Her contribution to the Queen’s annus horribilis came in August 1992, when in long-lens photographs spread across seven pages of the Daily Mirror, she was shown sitting by a swimming pool on holiday in France, topless and having her toes sucked by an American financial adviser named John Bryan. (The toe-sucking detail was, of course, later reworked into the David Mellor story.) The justification for this breach of privacy was provided by a pretence at moral outrage that she had behaved in such a manner while her daughter, Princess Eugenie, was present.
‘How much shrapnel can this family take?’ wailed Harold Brooks-Baker, the publisher of Burke’s Peerage. ‘This is not just a nail in the coffin, it’s a whole handful of nails.’ But the Mirror had judged its readership perfectly. The pictures were trailed by an advertisement screened during an episode of Coronation Street, and the paper later claimed that it had been obliged to reprint after selling out its entire print run. Nor was much offence caused; the Press Complaints Commission reported that, instead of the deluge of phone calls it had been expecting, it received just one objection. And for those who missed the Mirror, the pictures appeared the next day in Today and the Sun, the latter coming up with the memorable headline: JUST HOW MUCH FINANCIAL ADVICE CAN A GIRL TAKE?
Both Sarah and Bryan sued for damages in a French court, seeking £1.2 million each. They won their case, but not the damages; she received just £60,000 and he £25,000, though her payout did equal the French record for such an award. (The man who took the photos, on the other hand, was said to have made upwards of £1 million.) The money can have been little compensation for the final destruction of her public image. The incident passed into popular folklore, recreated the following year in One Foot in the Algarve (the Christmas edition of One Foot in the Grave), with Peter Cook giving his best impression of a paparazzo photographer.

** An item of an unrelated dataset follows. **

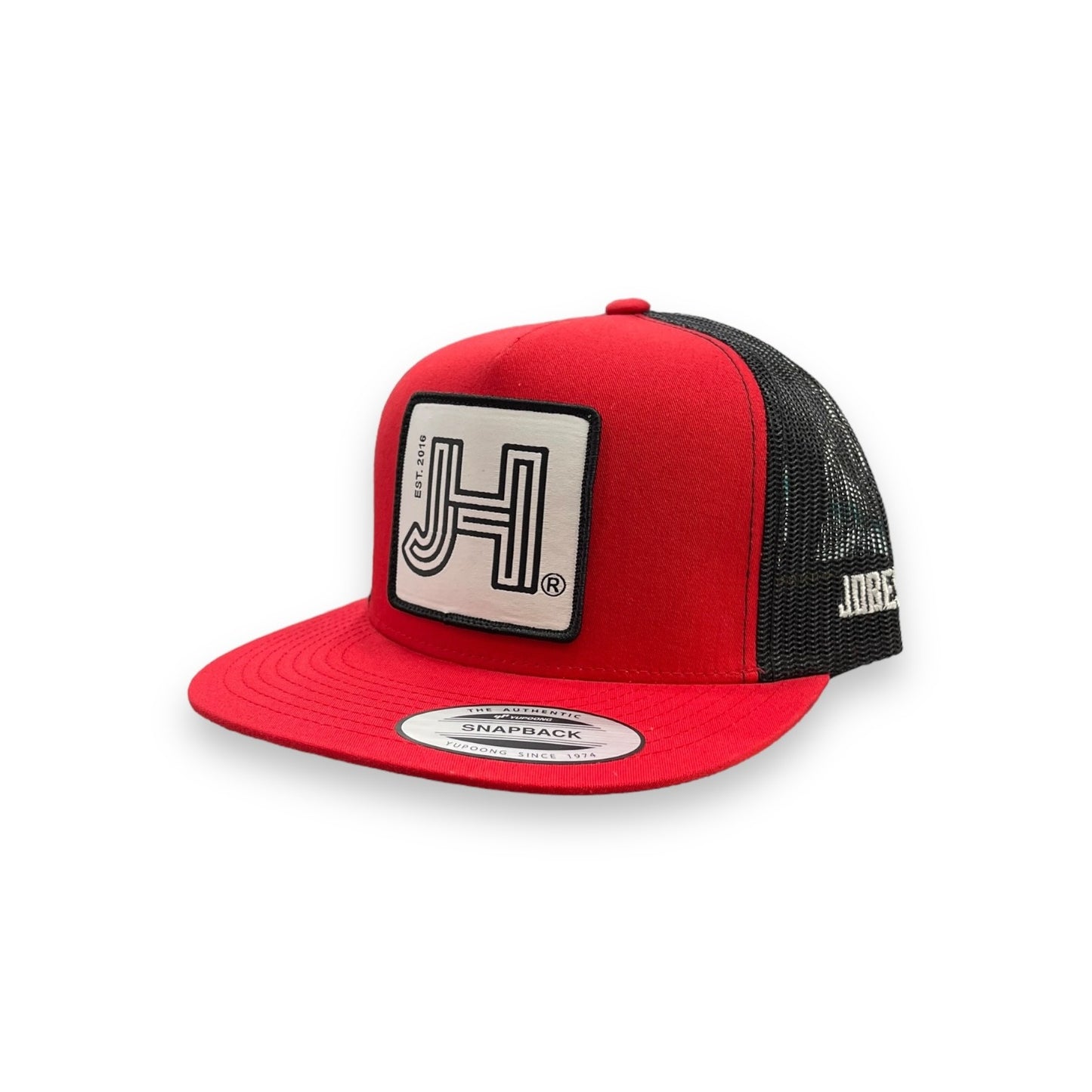 Jobes Hat - Red/Black Solid White Patch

It also prompted a comparison in Drop the Dead Donkey with the state of the country: ‘Both being screwed by their financial advisers.’ The implied adultery confirmed the negative perception that already existed, while the setting fed into the perception that she was not the most active of royals. ‘If she cannot be photographed when she is on holiday,’ wrote Lynne Truss, ‘it leaves precious few days in the year when she is visible. Or are we paying her £249,000 a year to remain out of sight?’

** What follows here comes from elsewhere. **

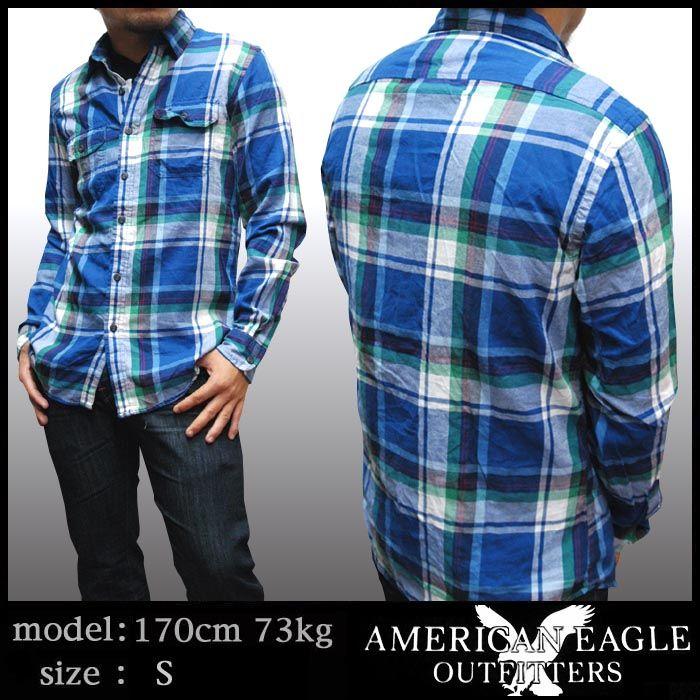 セール アメリカンイーグル メンズ 長袖 ボタンシャツ チェックシャツ ブルー ネイビー American Eagle トップス シャツ インポート Ae Shirt05 セレクトショップ クルーズ世田谷 通販 Yahoo ショッピング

Two years later, Sarah was again in the news, explaining in an interview that she practised safe sex. ‘What has to be, has to be,’ she said, of her use of condoms. ‘But I agree there may be a cut in spontaneity.’ She also said that she had had two HIV tests, which served only to fuel groundless gossip that her estranged husband had AIDS. That rumour became one of the first internet urban myths (‘The story went global after Internet boffins circulated it by computer,’ reported the News of the World), acquiring such wide currency that in 1996 Buckingham Palace felt obliged to issue an official denial that Andrew had contracted AIDS.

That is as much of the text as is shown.